Been a small engine mechanic for years with a shop near Tupelo, MS. I'd like to share the best piece of service information I've ever found on small engine carburetors. It will make an instant Small Engine Carburetor Expert out of almost anybody. Just open the link below and click on the picture of your carburetor. Trust me, you'll want to bookmark this link if you've never seen it before. With the variety of carburetors I see, I use it on an almost weekly basis....

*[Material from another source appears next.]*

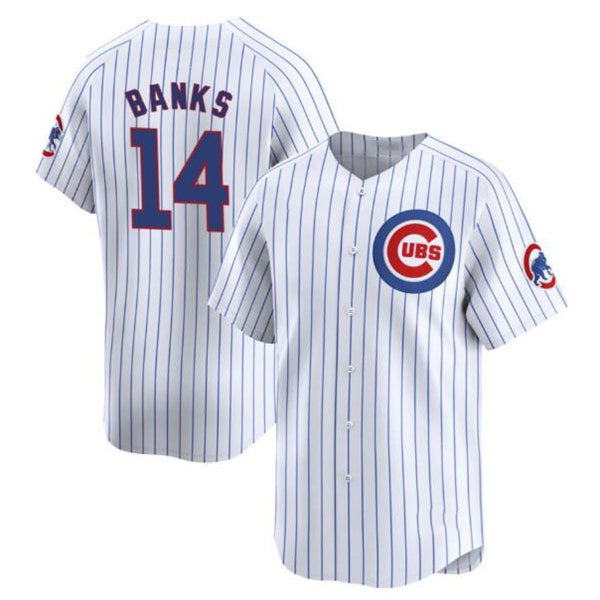 Chicago Cubs #14 Ernie Banks White AmberGomez Cool Base Stitched Jersey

http://outdoorpowerinfo.com/repairs/#id_walbro


----------



## Hoodoo Valley

That's awesome Bob, thank you for sharing that source. Very helpful on my carb.....


----------



## Bob Driver

That's just the Repairs Index Tab of that site... I encourage everybody to scroll to the top of the page and explore the other sections of that website. The Engine Specs section is awesome if you do a lot of engine work on a wide variety of engines. The Belt Index is probably the best I've ever seen also. With a tape measure, or belt gauge, you can come up with a part # for the belts on almost any piece of outdoor power equipment. With the alphabetical Parts Lookup Tab, you can save a bunch of time searching all over the web for hard to find information. That website is a treasure chest of information for a small engine mechanic.


----------



## bmaverick

Bob Driver said:


> ... I'd like to share the best piece of service information I've ever found on small engine carburetors. It will make an instant Small Engine Carburetor Expert out of almost anybody.
> 
> http://outdoorpowerinfo.com/repairs/#id_walbro


1-million thanks!


----------



## Fragger

Thank you for sharing that information mr driver i am not a mechanic but can keep most of my equipment running using youtube information


----------



## bontai Joe

HOLY SMOKES! You weren't kidding! That site has everything anyone ever needed to know about Carbs.


----------



## jpdriver1

GREAT INFO!!! Thanks, this will help with several projects


----------



## Bob Driver

jpdriver1 said:


> GREAT INFO!!! Thanks, this will help with several projects


OK JP.... Are you one of my long lost cousins? Is your last name actually Driver? I've lost track of a lot of my family, but some should be out on parole by now


----------



## jpdriver1

No sorry Bob, it is just a screen name --- I own several jeeps


----------



## Denver

Bob Driver said:


> Been a small engine mechanic for years with a shop near Tupelo, MS. I'd like to share the best piece of service information I've ever found on small engine carburetors. It will make an instant Small Engine Carburetor Expert out of almost anybody. Just open the link below and click on the picture of your carburetor. Trust me, you'll want to bookmark this link if you've never seen it before. With the variety of carburetors I see, I use it on an almost weekly basis....
> 
> http://outdoorpowerinfo.com/repairs/#id_walbro


Awesome! I have a Pulsa jet manual choke I’m rebuilding!


----------